▶ _RECORDS PROVIDED_
____
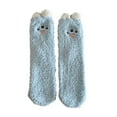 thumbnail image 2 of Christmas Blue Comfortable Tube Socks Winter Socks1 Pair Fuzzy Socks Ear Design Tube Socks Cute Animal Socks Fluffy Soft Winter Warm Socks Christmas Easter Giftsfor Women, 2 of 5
____
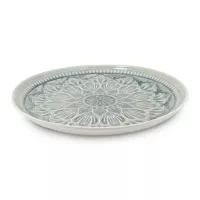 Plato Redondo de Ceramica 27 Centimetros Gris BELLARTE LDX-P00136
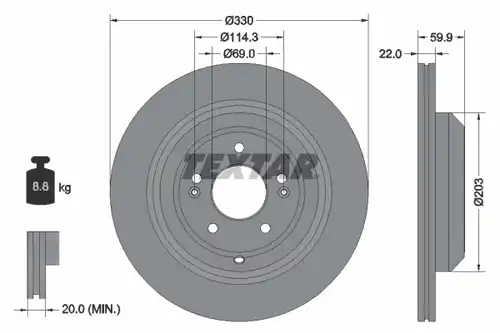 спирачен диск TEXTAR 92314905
____
▶ _TASK DESCRIPTION_
In the listing above, find the line with "Plato Redondo de" and the line with "спирачен диск TEXTAR 92314905". Set down both and every line between them, minus the pictures.

▶ _OUTPUT OF THE TASK_
 Plato Redondo de Ceramica 27 Centimetros Gris BELLARTE LDX-P00136
 спирачен диск TEXTAR 92314905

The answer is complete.